Ils n'étaient pas faits pour se rencontrer Eleva Abramovici et Exaucé Makasi Motembe, l'étudiante studieuse et l'activiste congolais.
Ils n'étaient pas faits pour se rencontrer dans cette Roumanie de Ceaușescu qui accueillait les étudiants africains mais refusait qu'ils fréquentent les filles du pays.
Ils n'étaient pas faits pour se rencontrer mais de leurs étreintes fugaces est née une fille, une métisse dans un pays raciste et ignorant.
Ils n'étaient pas faits pour se rencontrer et Nili à grandi sans un père rentré au pays, chassé par la chute du Conducator, sous les insultes des Roumains choqués par la couleur de sa peau, élevée par une mère reniée par sa famille.
Ils n'étaient pas faits pour se rencontrer et Elena a voulu oublier cette rencontre, la nier, chasser le péché, couper les ponts et faire de cette enfant non désirée, une Roumaine, une universitaire comme elle, une femme qui n'a pas de corps mais un cerveau.
Ils n'étaient pas faits pour se rencontrer, ils n'ont même pas eu le temps de s'aimer mais Nili a porté cette rencontre en elle et elle a dû lutter pour laisser s'épanouir le Congo en elle.

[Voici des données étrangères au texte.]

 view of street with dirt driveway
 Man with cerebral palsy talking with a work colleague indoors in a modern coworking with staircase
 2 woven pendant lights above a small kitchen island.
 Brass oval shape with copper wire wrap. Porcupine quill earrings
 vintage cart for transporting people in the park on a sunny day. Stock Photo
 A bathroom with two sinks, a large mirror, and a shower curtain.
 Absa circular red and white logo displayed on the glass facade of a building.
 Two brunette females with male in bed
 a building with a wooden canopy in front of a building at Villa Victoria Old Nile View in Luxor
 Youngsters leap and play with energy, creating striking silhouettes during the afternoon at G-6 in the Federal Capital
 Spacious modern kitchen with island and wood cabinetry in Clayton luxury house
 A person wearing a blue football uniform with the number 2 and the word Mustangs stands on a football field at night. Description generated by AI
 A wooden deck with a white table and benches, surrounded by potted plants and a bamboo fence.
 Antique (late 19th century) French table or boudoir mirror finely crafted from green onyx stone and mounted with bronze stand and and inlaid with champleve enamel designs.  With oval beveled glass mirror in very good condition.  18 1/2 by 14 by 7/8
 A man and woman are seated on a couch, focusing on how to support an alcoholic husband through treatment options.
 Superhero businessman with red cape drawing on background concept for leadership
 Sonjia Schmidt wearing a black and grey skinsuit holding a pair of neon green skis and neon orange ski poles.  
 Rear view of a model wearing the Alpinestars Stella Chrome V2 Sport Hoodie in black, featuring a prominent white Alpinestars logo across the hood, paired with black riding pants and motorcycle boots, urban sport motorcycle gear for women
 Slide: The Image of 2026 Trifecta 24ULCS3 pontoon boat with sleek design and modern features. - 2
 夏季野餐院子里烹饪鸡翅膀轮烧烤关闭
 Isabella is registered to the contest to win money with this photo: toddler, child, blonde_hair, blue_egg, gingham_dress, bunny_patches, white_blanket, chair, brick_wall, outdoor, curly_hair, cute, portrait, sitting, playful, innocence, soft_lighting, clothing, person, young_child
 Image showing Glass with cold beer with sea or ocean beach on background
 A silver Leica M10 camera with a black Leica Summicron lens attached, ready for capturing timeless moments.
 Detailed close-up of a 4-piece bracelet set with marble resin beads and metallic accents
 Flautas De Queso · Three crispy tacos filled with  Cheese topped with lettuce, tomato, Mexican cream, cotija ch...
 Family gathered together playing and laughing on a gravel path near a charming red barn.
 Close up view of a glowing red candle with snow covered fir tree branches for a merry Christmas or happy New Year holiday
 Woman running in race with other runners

D'abord à Paris, au Congo ensuite, sur les traces de ce père absent, aimé et haï, dans ce pays inconnu qui bat en elle.
Ils n'étaient pas faits pour se rencontrer, Elena et Makasi, et pourtant ils ont créé une lignée. Nili attend un fils, elle va lui donner la vie dans quelques heures mais avant de le mettre au monde, elle lui raconte cette rencontre qui n'aurait jamais dû avoir lieu. Elle lui raconte Elena, Makasi, la Roumanie, Paris, le Congo et les hommes. Ceux qui tuent, qui frappent, qui violent, ceux à qui il ne devra jamais ressembler.
Ils n'étaient pas faits pour se rencontrer et pourtant ils sont les héros d'un livre comme un coup de poing dans la gueule des mères mal aimantes, des pères absents, des racistes, des préjugés, des dictateurs, des tortionnaires… Un coup de poing dans la gueule de tous ceux qui ne voient pas que le métissage est une richesse et qu'un enfant est un cadeau à chérir.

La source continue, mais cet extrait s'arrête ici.